Integrated laser ablation and computed tomography: detecting the chemical footprint of microplastics and reconstructing 3D biological tissues

Detecting and characterizing microplastics within biological tissues remains analytically challenging due to their small size, complex composition, and the heterogeneous nature of biological matrices. Existing methods often rely on destructive sample preparation or only provide partial information, highlighting the need for advanced techniques that can simultaneously resolve both the structural and chemical features of microplastics in situ. To address this gap, we introduce a multimodal analytical approach that integrates micro-computed tomography (μCT), which enables non-invasive volumetric imaging of the tissue with laser ablation inductively coupled plasma mass spectrometry (LA-ICP-MS) to detect microplastics based on their metal markers.
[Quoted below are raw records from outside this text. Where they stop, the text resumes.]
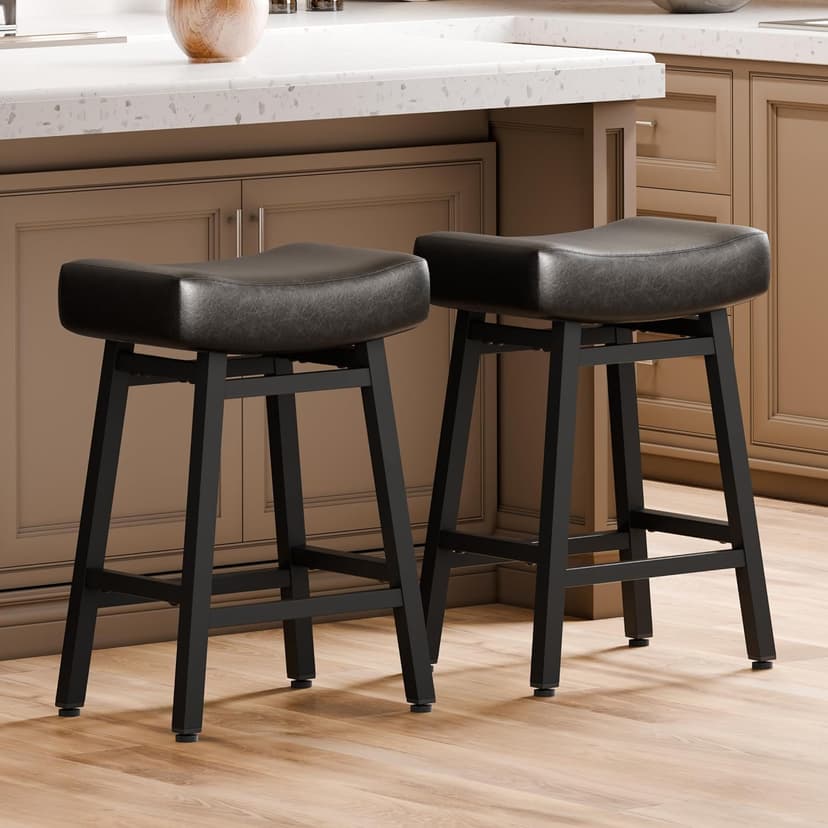 Counter Height Bar Stools Set of 2, 24 Inch Backless BarStools for Kitchen Island Leather Saddle Bar Chairs Kitchen Stools with 4" Thick Seats & Heavy Duty Metal Base, Black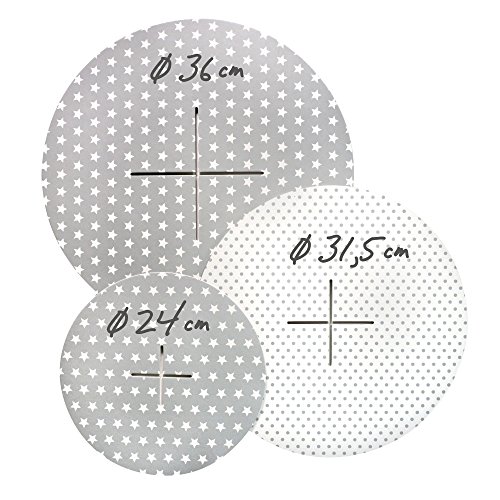 Muffinständer Frau Wundervoll aus festem Karton im Wendedesign – Seite 1 grau, weiße Sterne / Seite 2 weiß, graue Punkte – Etagere / Cupcakeständer - 3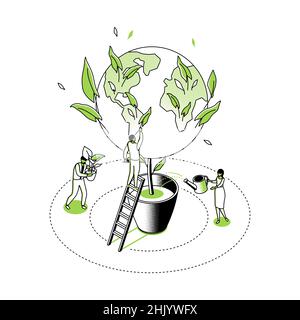 Greening the Planet - Moderne Linie Isometrie Design Stil Illustration. Detailreiches Bild mit männlichen, weiblichen Charakteren, die Bäume auf der Erde wachsen. Wasser Stock Vektor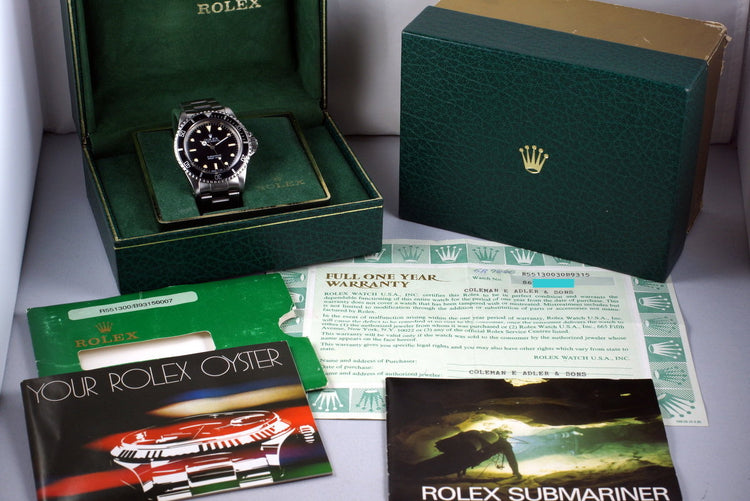 1985 Rolex Submariner 5513 Spider Dial with Box and Papers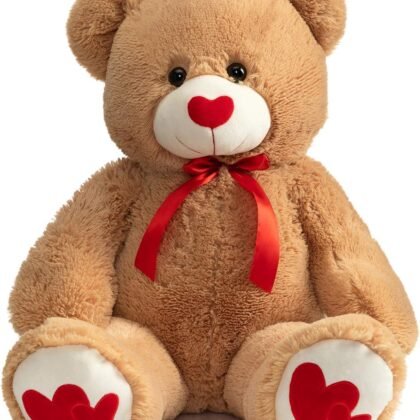 HollyHOME Big Teddy Bear Stuffed Animal Valentines Large Bear Plush with Red Heart for Girlfriend and Kids Valentines 36 inch Tan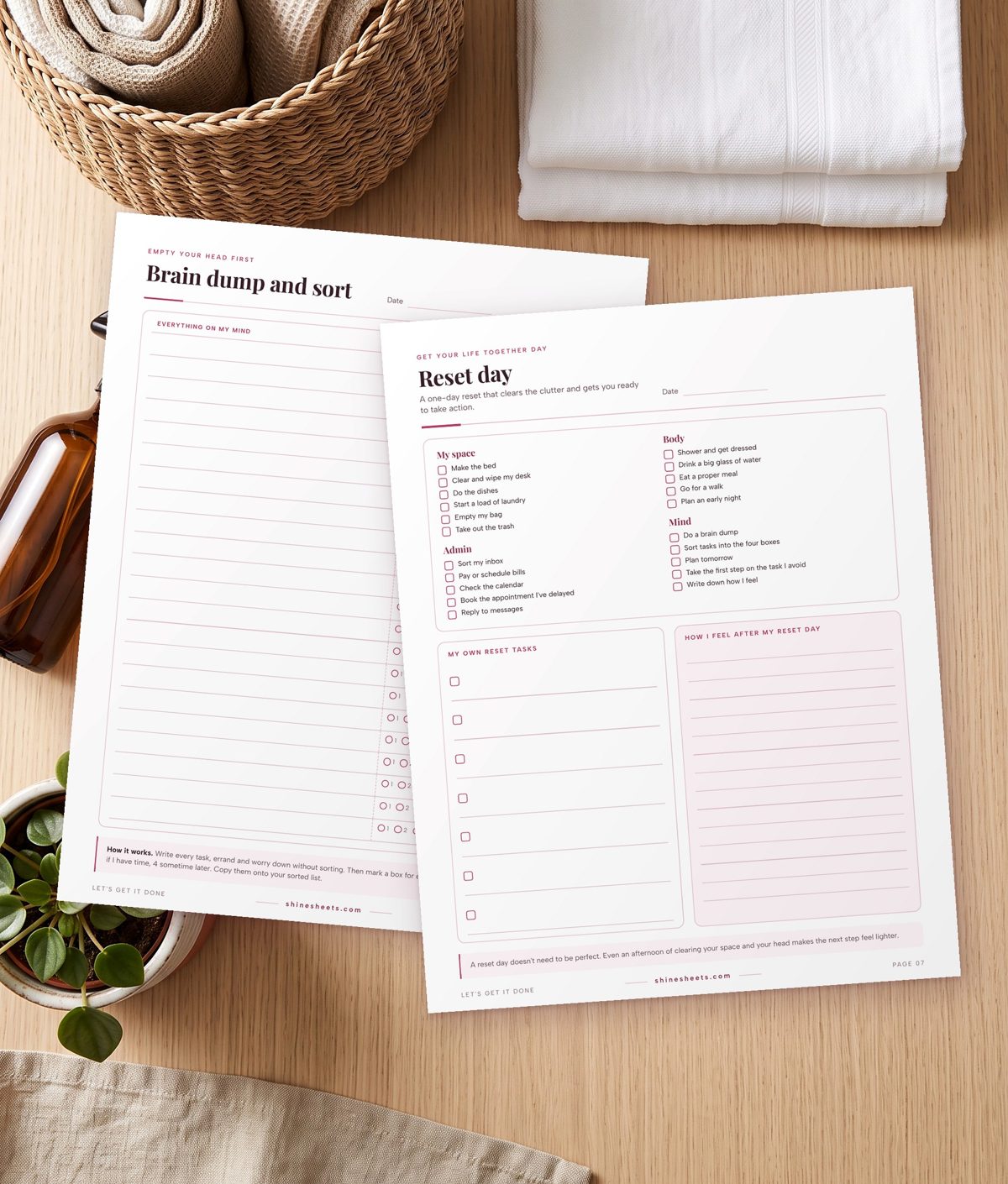 Brain dump page and get your life together day checklist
Rat tissue was spiked with polyethylene terephthalate (PET) microplastics, and results showed that μCT imaging alone was insufficient for definitively determining microplastics. However, PET contained several elements, such as antimony and cobalt, and it was possible to detect PET microplastics using LA-ICP-MS based on those metal markers. Furthermore, the developed workflow combining μCT and LA-ICP-MS enabled volumetric segmentation of microplastic reconstruction based on their 3D distribution and evaluation of their size distribution. The results demonstrate that integrating LA-ICP-MS spatial element mapping of PET metal markers facilitates precise validation and segmentation of microplastic locations within tissue on μCT. The proposed protocol was evaluated against a reference size distribution method, addressing the associated detection limitations. Overall, this dual-modality approach provides a proof of concept for microplastic detection in biological tissues by combining both structural and chemical analyses.